Si la teoría es un instrumento de lucha, su exigencia de rigor metodológico es coherente: no es purismo estéril, es cuidado para no convertir la acción emancipadora en improvisación. Arismendi exigía coherencia estratégica para que la movilización no se disolviera en gestos simbólicos.
La tarea, entonces, no es "superar" a Arismendi, sino releerlo desde las necesidades actuales de la izquierda: cómo reconstruir estrategia en un tiempo de fragmentación; cómo mantener horizonte sin caer en sectarismo; cómo rearticular hegemonía popular sin burocratizarla.
En ese sentido, el mayor límite de Demócratas y ortodoxos no es su interpretación, sino su falta de comprensión de la dialéctica entre fidelidad y crítica. Arismendi no fue un enemigo de la democracia, sino uno de sus teóricos más lúcidos dentro del marxismo latinoamericano.
Su coherencia -tan denostada- es hoy una de las lecciones más urgentes: sin método, sin horizonte y sin disciplina intelectual, toda política emancipadora termina absorbida por el orden.
Arismendi y la hegemonía cultural
A Arismendi se le critica no haber "modernizado" el discurso cultural de la izquierda, haberse quedado en crucigramas doctrinarios.
Sin embargo, trabajó la cultura política: la idea del Frente como instrumento de hegemonía implicaba batalla cultural y educación política.

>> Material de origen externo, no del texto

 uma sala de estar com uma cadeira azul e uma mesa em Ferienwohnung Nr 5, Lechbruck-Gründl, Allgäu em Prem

Su preocupación por el partido, la prensa, las escuelas de cuadros es evidencia de que no subestimaba la dimensión cultural.
Su coherencia radica en vincular la construcción institucional con la guerra de posiciones: sin hegemonía cultural, la conquista del Estado es incompleta. Eso lo aproxima a Gramsci más que a un rígido burócrata.

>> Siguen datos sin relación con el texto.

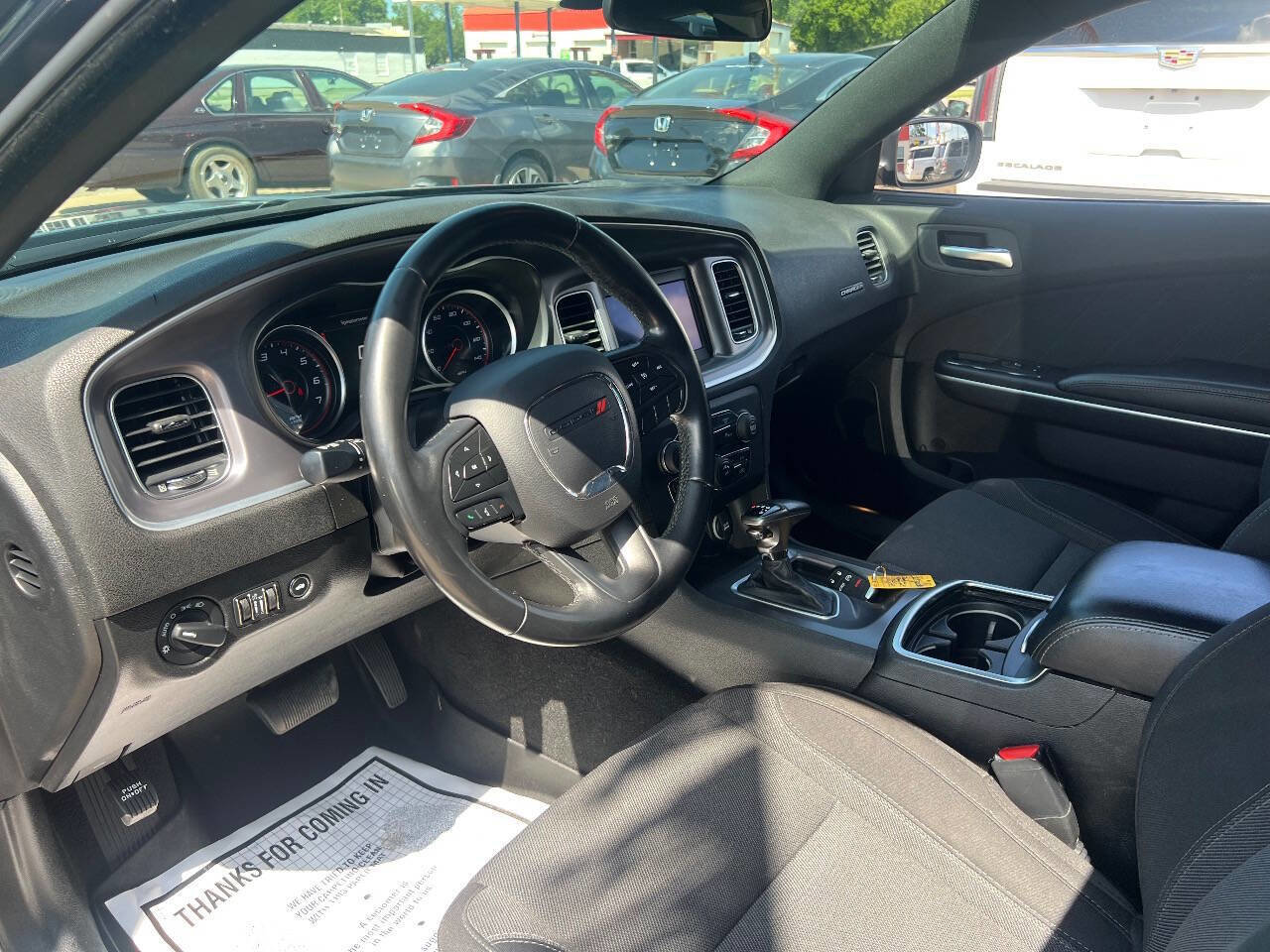 Used 2019 Dodge Charger SXT image 10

Arismendi no defendió ciegamente modelos externos: discutió derivas, valoró lecciones y propuso un camino propio (Frente, democracia avanzada, hegemonía). Eso es praxis autónoma, no copia.
Restituir a Arismendi a su papel teórico-político
Rodney Arismendi no fue un fósil doctrinal ni un dogmático de salón. Fue un estratega que intentó traducir la lógica marxista a la realidad uruguaya: su coherencia reside en mantener la dialéctica entre democracia y socialismo, estrategia y táctica, teoría y organización. Las interpretaciones que lo descalifican por "ortodoxo" suelen ser el resultado de una lectura pos-histórica que busca legitimar la desideologización.
La coherencia de Arismendi es la de quien se niega a transformar al marxismo en un catálogo de facilitaciones para entrar en la administración. Conservó la tensión estrategia/ táctica, sabia que el terreno político exige formas diversas pero con un norte.
Defender la coherencia de Arismendi no es volver a la nostalgia del siglo XX: es recuperar herramientas para pensar una izquierda que hoy necesita más estrategia que gestión, más horizonte que acomodación. Esa recuperación exige devolver a la política su capacidad crítica y transformadora. En ese reto, la insistencia arismendiana en método, disciplina y horizonte no es un lastre: es una lección.